TTV: Is that more of a thing when money is involved?
CS: I think so. On a local level—on a Tulsa level, let’s say—we are all just trying to get something down that we can live with, get some stuff made. So the ego doesn’t have any social utility in that realm, so it’s avoided I think.
TTV: What concerns do you have making and producing music?
CS: Well, I used to have this idea that if you wanted to create something moving and poignant and sad, that you had to be moving and poignant and sad. And that was a terrible way to live. ... There’s still a part of that that I respect in a way and that I think is necessary so that your work isn’t full of shit. But most of that is just trying to crutch a lack of life experience. Now, it’s more of a device like any other. That always concerns me—“Why am I writing this?” That’s something that concerns me. I only took lessons for ... tenor sax, when I was learning to play jazz. And I was playing in a lesson, you know, going through the changes, and I just fly off and let fingers do the talking, and I looked at my teacher and I was like, “Yeah?” And he said, “Do you know what you just did?” and I said, “No.” And he said, “Then it doesn’t fucking count.” His point was that that wasn’t jazz. That was horrendous and masturbatory. I learned that early. I didn’t always apply it to my life, I still tried to cheat—and I think everyone does to a degree—but that was a shock, and it was embarrassing.

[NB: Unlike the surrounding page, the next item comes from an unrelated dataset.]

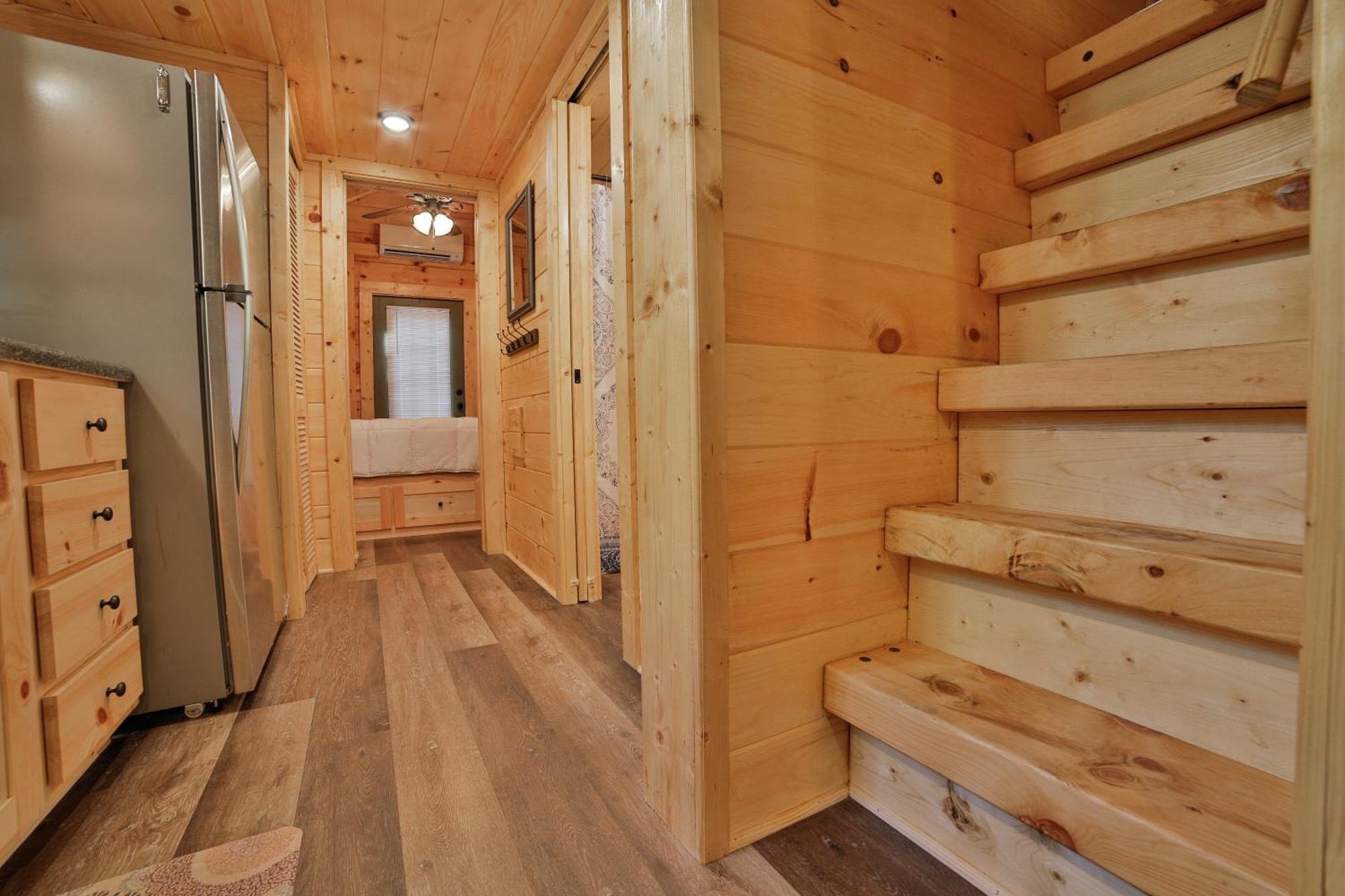 Jake Cabin Luxury Hot Tub Cabin Near Downtown Chattanooga Dış mekan fotoğraf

TTV: That’s an interesting thing to be confronted with early on.
CS: I loved it. It felt authentic. It was like, “Oh shit, that’s one of the secrets,” you know? We’ve spent three months in here taking lessons, and you finally gave me something. Because blowing through a tube isn’t making me an artist, but learning stuff like that is.
TTV: Do you remember the first instrument you picked up?
CS: My dad bought me a guitar. I was little; it actually survived a few days. I was on the top bunk, and I dropped it and it shattered into a million pieces. It stayed with me forever. I was five or six, and it was a little baby guitar, a toy guitar. But it was pretty, and I liked it. I liked the idea of it—that it could do something, but that I couldn’t make it do something yet. I liked that. And so it just broke, and it was weird because nothing was ever said about it. And it was a really stark, scary moment for me and I almost respected the instrument more at that point. It was like taking a fish out of water and watching it die. You realize, “I shouldn’t have done that.”
TTV: Can you listen to music on the radio without dissecting it?
CS: Man, that’s like Neil De Grasse Tyson bitching about the movie “Gravity” because the debris was coming from the wrong direction. I’ll hear a song and it’s like living in “The Matrix” and I’ll see the session. So, there is an element of that for me where I have to clear the fog of what I know before I can get to what it is that they do or what they’re saying. The music that I enjoy the most immediately is the music that I enjoy the most immediately, you know?